==== Data extract ====

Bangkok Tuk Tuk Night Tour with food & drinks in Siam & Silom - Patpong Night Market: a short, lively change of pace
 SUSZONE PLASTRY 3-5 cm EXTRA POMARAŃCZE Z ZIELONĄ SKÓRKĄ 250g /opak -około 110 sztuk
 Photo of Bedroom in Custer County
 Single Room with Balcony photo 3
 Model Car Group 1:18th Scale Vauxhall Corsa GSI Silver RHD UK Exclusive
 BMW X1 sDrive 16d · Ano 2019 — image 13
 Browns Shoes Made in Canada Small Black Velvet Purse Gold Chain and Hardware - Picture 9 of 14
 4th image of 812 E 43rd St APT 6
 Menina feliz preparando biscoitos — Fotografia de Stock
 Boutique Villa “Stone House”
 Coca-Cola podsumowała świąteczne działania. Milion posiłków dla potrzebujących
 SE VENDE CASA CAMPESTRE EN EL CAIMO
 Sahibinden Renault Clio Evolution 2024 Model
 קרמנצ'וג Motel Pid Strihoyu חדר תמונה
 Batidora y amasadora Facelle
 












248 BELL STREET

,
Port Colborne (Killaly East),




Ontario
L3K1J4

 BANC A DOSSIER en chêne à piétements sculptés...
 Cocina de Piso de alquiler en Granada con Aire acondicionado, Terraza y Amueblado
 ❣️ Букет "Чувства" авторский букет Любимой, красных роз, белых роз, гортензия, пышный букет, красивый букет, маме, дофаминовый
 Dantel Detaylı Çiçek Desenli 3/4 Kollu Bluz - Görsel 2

====

Print exactly the lines from the one containing "248 BELL STREET" through the last line of the records above, both included.

248 BELL STREET

,
Port Colborne (Killaly East),




Ontario
L3K1J4

 BANC A DOSSIER en chêne à piétements sculptés...
 Cocina de Piso de alquiler en Granada con Aire acondicionado, Terraza y Amueblado
 ❣️ Букет "Чувства" авторский букет Любимой, красных роз, белых роз, гортензия, пышный букет, красивый букет, маме, дофаминовый
 Dantel Detaylı Çiçek Desenli 3/4 Kollu Bluz - Görsel 2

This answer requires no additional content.